The town is relatively small, with a pre-war population of just 10,000, and its strategic significance is debatable. But if it is confirmed that Russian forces have seized control of it, then there will likely be a big sigh of relief in the Kremlin.
Barely any walls there remained standing, Ukraine’s President Volodymyr Zelensky said this week. Describing almost apocalyptic scenes, he spoke of the nearby terrain as scarred by missile strikes and littered with Russian corpses.
His chief of staff, Andriy Yermak, compared the fight for Soledar and Bakhmut to one of the bitterest battles of World War One, at Verdun.
Regional governor Pavlo Kyrylenko said on Thursday that 559 civilians including 15 children remained in Soledar and could not be moved out.
The town’s significance for the Russian military is disputed by military analysts because of its relatively small size. The US-based think tank Institute for the Study of War said while it was likely that Russian forces had captured Soledar, it did not believe they would then be able to go on to encircle Bakhmut.
Nevertheless, if it becomes clear that Russia has taken it, then that will be seen in Moscow as progress – even a victory.
That is exactly what President Vladimir Putin needs as Russia has failed to capture a single town in Ukraine since July 2022. Since then, Moscow’s forces have suffered a whole series of embarrassing defeats.
Ukraine’s successful counter-attack pushed Russia almost completely out of the Kharkiv region in the northeast. In October, Russia’s Kerch bridge came under attack, with Russian forces retreating from the city of Kherson the following month.
Kherson had been the only regional capital that Russia had managed to seize since the invasion began and it was back in Ukrainian hands.
Capturing Soledar would be something for Moscow to present as some “good news” to the Russian people and the troops on the wintry front line.
But Serhiy Cherevatyi, spokesperson for Ukraine’s eastern military command, denied Soledar was in Russian hands: “We won’t give any more details as we do not want to reveal the tactical positions of our fighters.”

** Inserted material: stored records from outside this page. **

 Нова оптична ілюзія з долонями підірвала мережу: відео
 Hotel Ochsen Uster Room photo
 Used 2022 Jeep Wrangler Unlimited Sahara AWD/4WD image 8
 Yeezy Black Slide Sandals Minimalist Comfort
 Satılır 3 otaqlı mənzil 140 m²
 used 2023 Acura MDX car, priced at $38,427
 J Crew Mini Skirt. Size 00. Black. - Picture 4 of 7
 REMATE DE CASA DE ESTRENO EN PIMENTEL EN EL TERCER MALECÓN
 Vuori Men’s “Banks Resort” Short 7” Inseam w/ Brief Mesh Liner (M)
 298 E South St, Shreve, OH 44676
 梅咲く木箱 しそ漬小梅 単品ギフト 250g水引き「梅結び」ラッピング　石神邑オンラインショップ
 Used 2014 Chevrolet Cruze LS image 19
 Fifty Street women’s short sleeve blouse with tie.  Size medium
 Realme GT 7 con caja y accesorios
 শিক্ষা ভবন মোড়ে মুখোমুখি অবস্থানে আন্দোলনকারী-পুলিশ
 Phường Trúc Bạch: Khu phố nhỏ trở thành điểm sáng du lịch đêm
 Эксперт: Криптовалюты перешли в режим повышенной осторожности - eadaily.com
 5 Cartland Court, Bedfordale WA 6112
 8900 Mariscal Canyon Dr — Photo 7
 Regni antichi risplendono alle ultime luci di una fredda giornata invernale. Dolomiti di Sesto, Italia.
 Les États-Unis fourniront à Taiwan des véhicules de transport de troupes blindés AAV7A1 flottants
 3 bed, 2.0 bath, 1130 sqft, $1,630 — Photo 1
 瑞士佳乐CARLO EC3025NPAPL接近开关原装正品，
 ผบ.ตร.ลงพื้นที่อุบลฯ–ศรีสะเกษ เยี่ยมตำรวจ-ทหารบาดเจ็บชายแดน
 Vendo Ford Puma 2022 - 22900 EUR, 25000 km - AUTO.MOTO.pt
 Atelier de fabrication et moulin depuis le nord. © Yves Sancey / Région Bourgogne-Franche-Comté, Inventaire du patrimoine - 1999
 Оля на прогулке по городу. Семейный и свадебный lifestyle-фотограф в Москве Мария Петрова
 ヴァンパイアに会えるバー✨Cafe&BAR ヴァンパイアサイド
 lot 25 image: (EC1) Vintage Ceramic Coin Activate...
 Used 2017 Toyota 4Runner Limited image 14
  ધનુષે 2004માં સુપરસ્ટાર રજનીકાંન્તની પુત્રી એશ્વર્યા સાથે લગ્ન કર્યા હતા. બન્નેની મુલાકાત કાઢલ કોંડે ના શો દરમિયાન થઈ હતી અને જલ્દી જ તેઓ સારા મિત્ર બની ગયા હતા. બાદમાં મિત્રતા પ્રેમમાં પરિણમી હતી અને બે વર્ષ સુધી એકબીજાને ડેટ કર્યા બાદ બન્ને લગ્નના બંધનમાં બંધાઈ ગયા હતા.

Deputy Defence Minister, Hanna Malyar, said fighting had been “hot in Soledar overnight”. Ukrainian fighters were “bravely trying to hold the defense”, she added, in what was a difficult stage of the war.
President Volodymyr Zelensky described Soledar, Bakhmut, and the wider defense of the Donetsk region of eastern Ukraine as the top issue in his nightly address late on Thursday.
Western and Ukrainian officials have said much of the fighting in Soledar and Bakhmut is being done by the notoriously brutal Wagner mercenary group.
Its leader, 61-year-old Yevgeny Prigozhin, has claimed repeatedly over the past few days that his forces are the only units on the ground in Soledar. He said on Tuesday night that his mercenaries had seized the town, only to be contradicted by Russia’s defense ministry the next morning.
Daily updates from the Russian defense ministry have made no mention whatsoever of Wagner, and Friday’s briefing was no exception. The military said that paratroopers had played a key part in the capture of the town.
Mr. Prigozhin then released a statement saying he was “surprised” to read the defense ministry briefing. There “wasn’t a single paratrooper” in Soledar, he insisted, warning against “insulting [his] fighters” and “stealing others’ achievements”.
Analysts have long spoken of tensions between the military and Mr. Prigozhin’s Wagner group. The Russian oligarch has publicly criticized senior military leaders, including Gen Valery Gerasimov, appointed two days ago as overall commander of Russian forces in Ukraine.
While Russia has mobilized some 300,000 reservists for the war since the end of September, Prigozhin has looked to recruit extra numbers from Russia’s prisons.
Andriy Yermak told the French daily Le Monde that Russian criminals had been sent straight to their deaths on the front line: “Soledar is a scene of street battles, with neither side really in control of the town.”